* **What you have to do**:
Every line below from the one with "St. Michael Archangel" through the one with "2024 Toyota Tacoma 4WD SR5" is to be repeated exactly, with no picture among them.

*** Opening Material shown ***

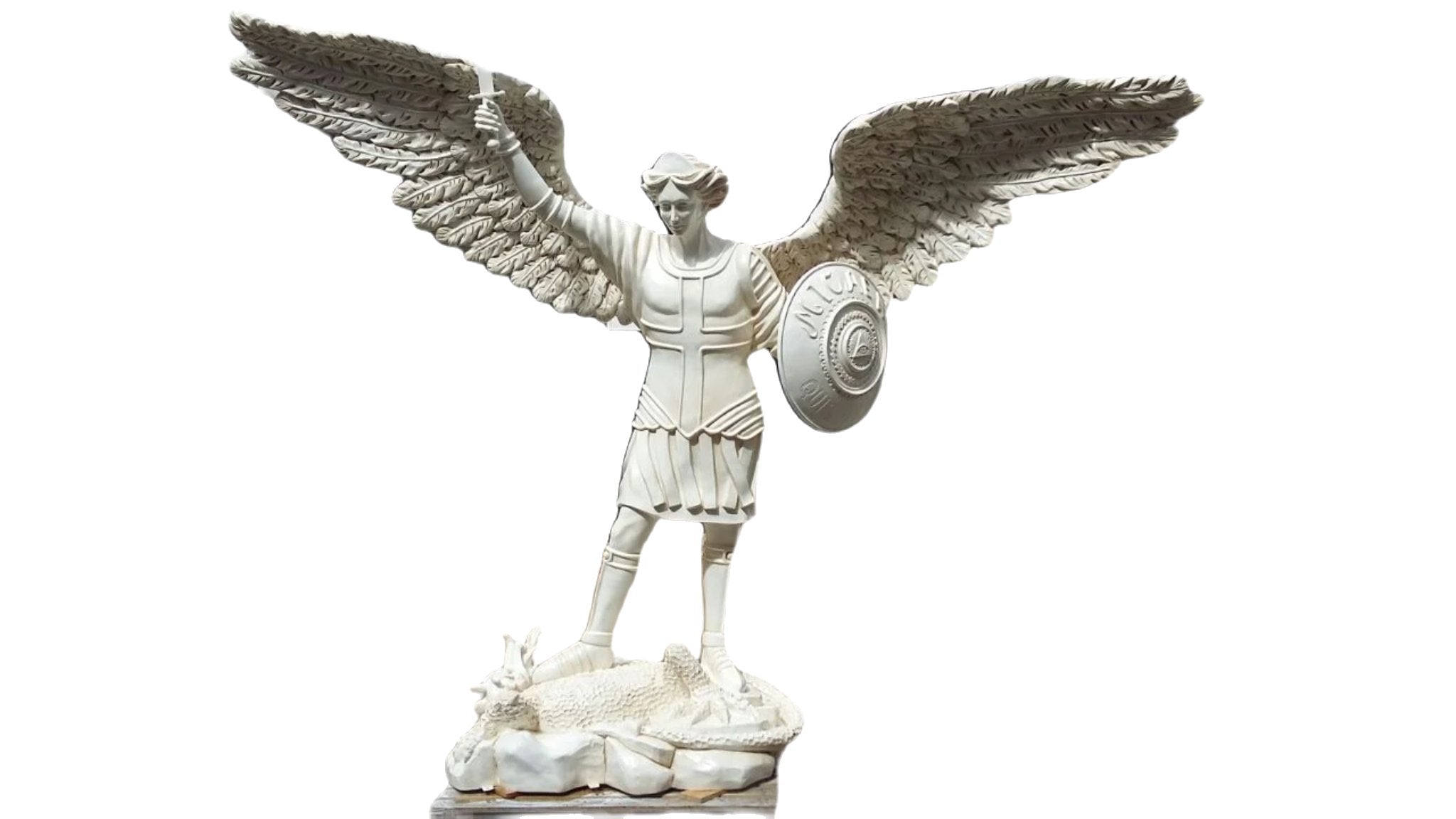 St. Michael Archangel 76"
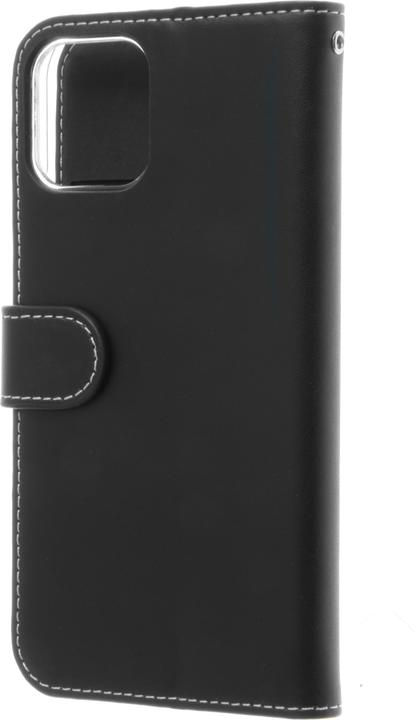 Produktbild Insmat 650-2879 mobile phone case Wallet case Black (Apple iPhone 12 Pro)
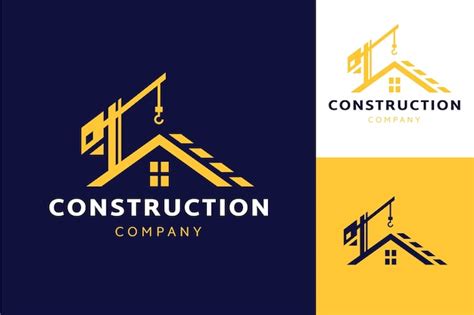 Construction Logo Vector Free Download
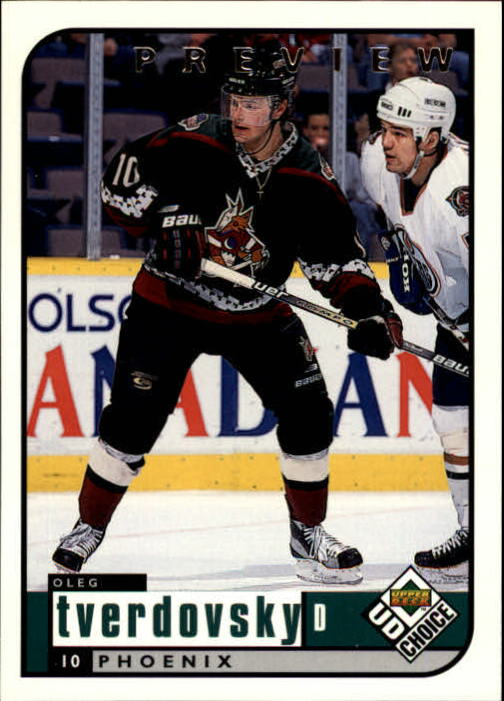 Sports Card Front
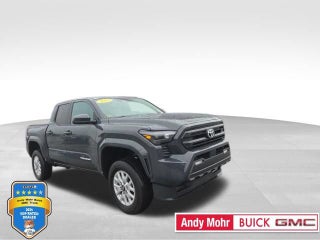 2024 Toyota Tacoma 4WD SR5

*** Closing Material shown ***
*** Opening Material shown ***

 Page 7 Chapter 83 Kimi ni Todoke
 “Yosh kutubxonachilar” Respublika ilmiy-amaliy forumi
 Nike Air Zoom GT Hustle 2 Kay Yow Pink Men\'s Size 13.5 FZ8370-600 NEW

*** Closing Material shown ***

* **Written reply**:
 St. Michael Archangel 76"
 Produktbild Insmat 650-2879 mobile phone case Wallet case Black (Apple iPhone 12 Pro)
 Construction Logo Vector Free Download
 Sports Card Front
 2024 Toyota Tacoma 4WD SR5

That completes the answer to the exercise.